**WHAT YOU WILL DO**
From the line that contains "Disney Minnie Mouse" through the closing line of the entries, write out each line exactly; pictures stay out.

[Crawled caption data]
☆ ☆ ☆ ☆ ☆ ☆ ☆
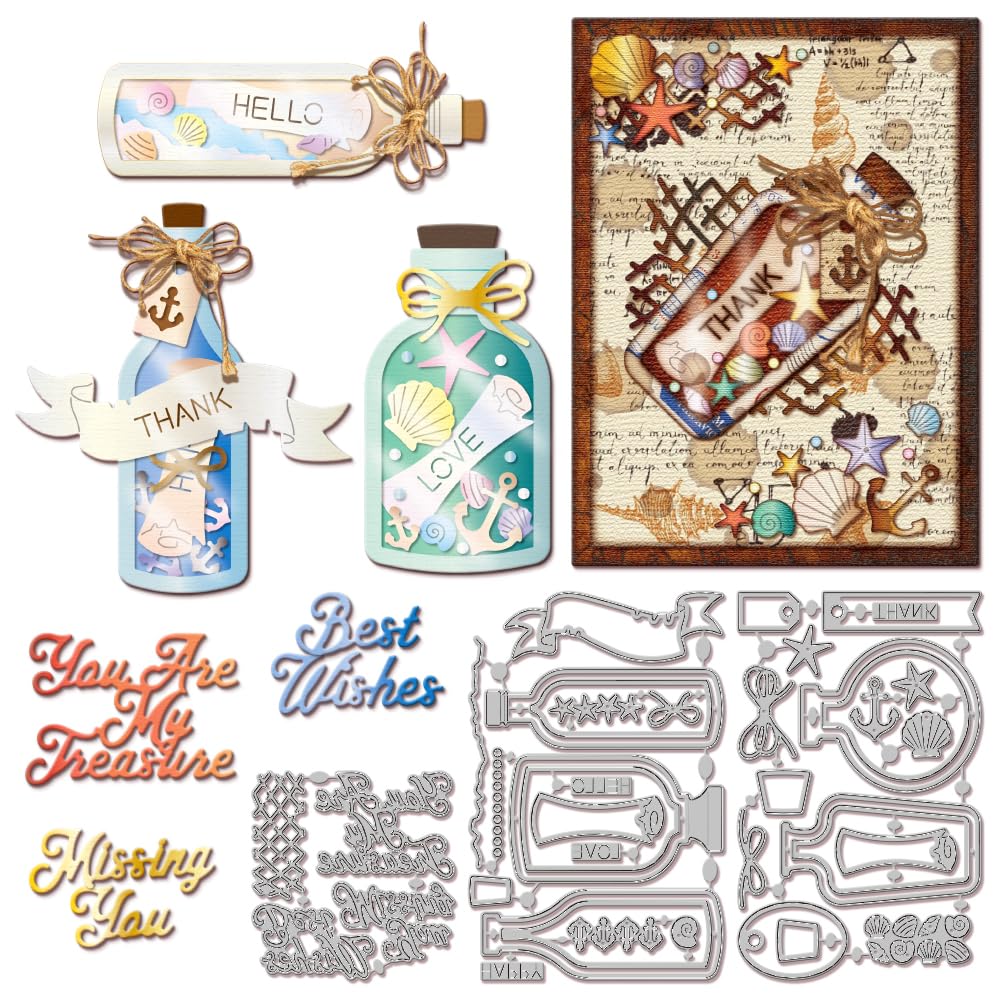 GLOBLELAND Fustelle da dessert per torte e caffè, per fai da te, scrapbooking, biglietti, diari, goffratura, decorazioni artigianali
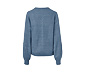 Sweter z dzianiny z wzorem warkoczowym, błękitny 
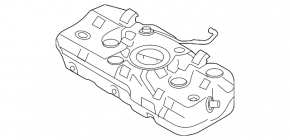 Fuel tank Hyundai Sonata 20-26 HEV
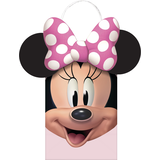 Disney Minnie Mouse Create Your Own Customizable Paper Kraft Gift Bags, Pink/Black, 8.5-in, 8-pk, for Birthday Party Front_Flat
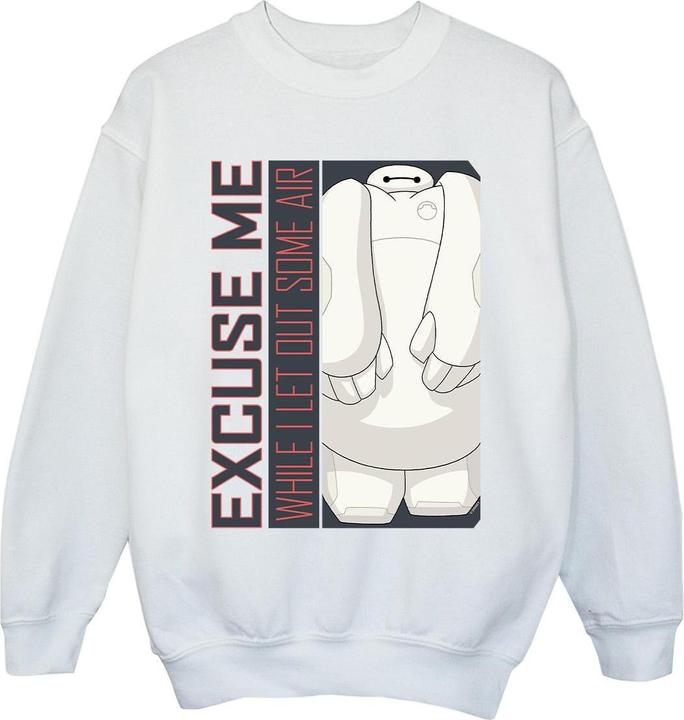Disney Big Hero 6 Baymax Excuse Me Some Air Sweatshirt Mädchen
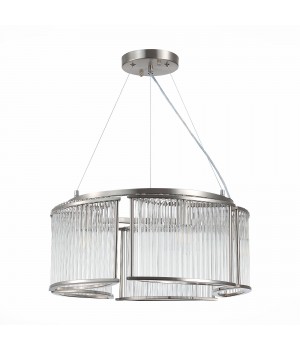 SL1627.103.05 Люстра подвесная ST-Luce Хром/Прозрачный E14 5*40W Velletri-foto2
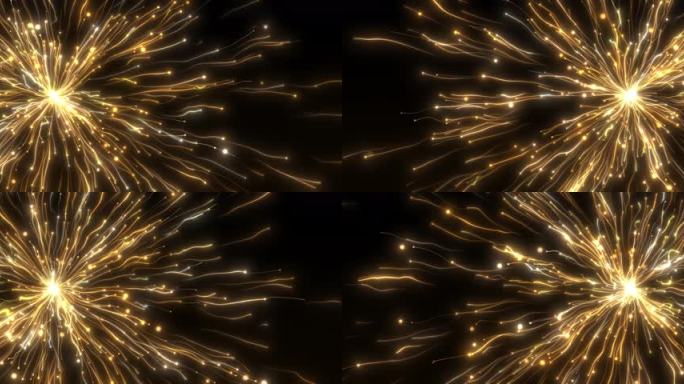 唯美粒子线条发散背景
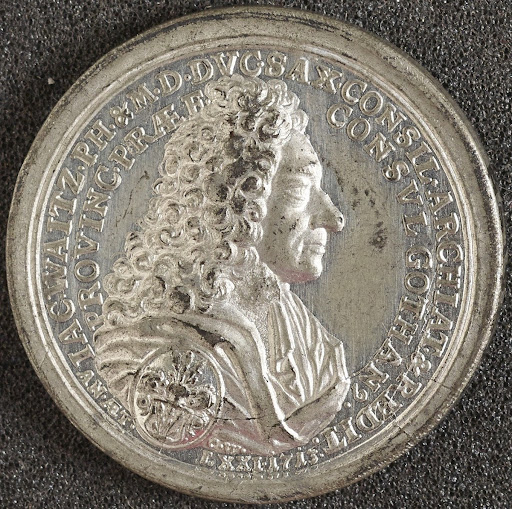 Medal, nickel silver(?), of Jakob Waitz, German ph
☆ ☆ ☆ ☆ ☆ ☆ ☆
**RESPONSE TO THE EXERCISE**
 Disney Minnie Mouse Create Your Own Customizable Paper Kraft Gift Bags, Pink/Black, 8.5-in, 8-pk, for Birthday Party Front_Flat
Disney Big Hero 6 Baymax Excuse Me Some Air Sweatshirt Mädchen
 SL1627.103.05 Люстра подвесная ST-Luce Хром/Прозрачный E14 5*40W Velletri-foto2
 唯美粒子线条发散背景
 Medal, nickel silver(?), of Jakob Waitz, German ph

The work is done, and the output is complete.